Dataset records.
########################################
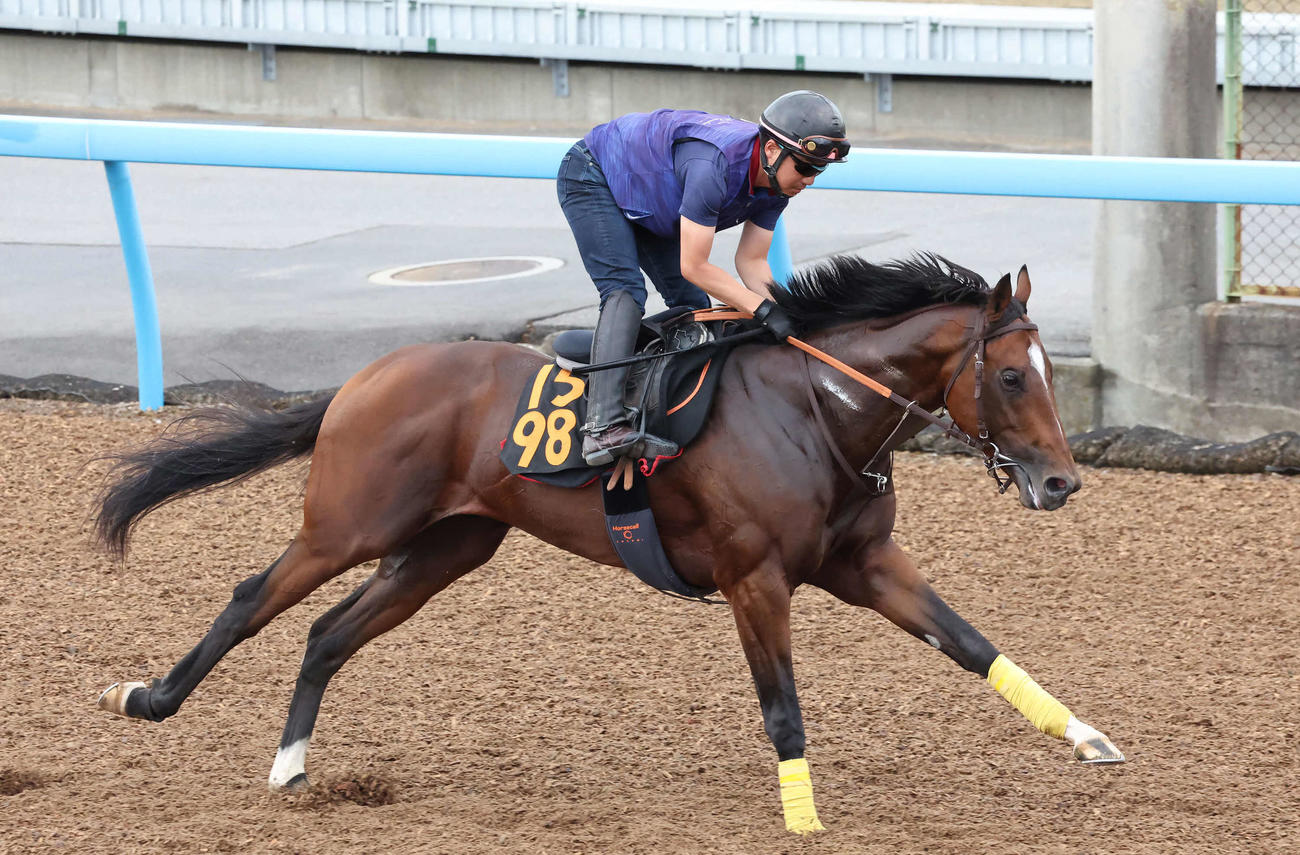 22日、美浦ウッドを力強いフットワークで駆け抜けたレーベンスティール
########################################
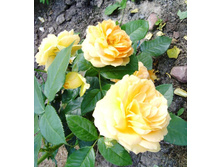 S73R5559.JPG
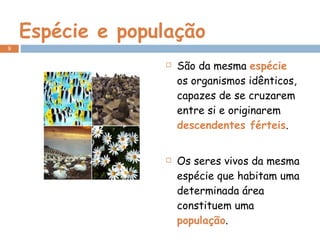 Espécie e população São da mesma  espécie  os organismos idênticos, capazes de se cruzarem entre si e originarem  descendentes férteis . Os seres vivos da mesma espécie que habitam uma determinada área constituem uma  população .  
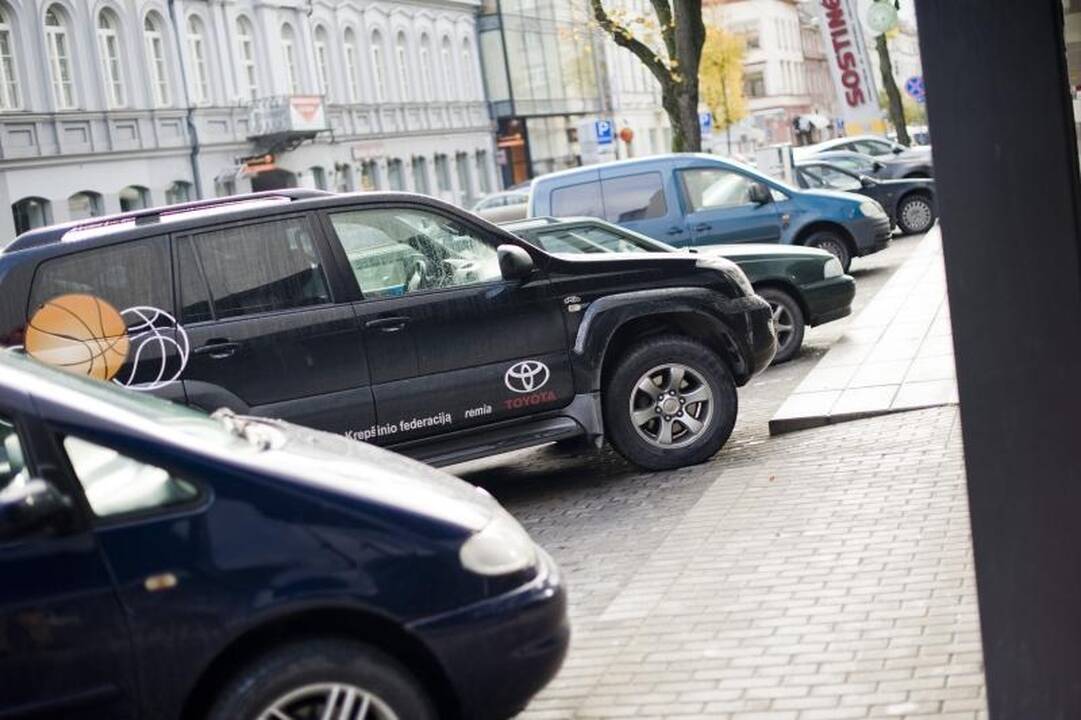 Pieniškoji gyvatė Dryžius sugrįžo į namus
########################################
To do.
Although pictures appear among the records above, write out exactly only the lines from the one that has "S73R5559.JPG" through the one that has "Pieniškoji gyvatė Dryžius sugrįžo į namus", and leave the pictures out.

Response.
 S73R5559.JPG
 Espécie e população São da mesma  espécie  os organismos idênticos, capazes de se cruzarem entre si e originarem  descendentes férteis . Os seres vivos da mesma espécie que habitam uma determinada área constituem uma  população .  
 Pieniškoji gyvatė Dryžius sugrįžo į namus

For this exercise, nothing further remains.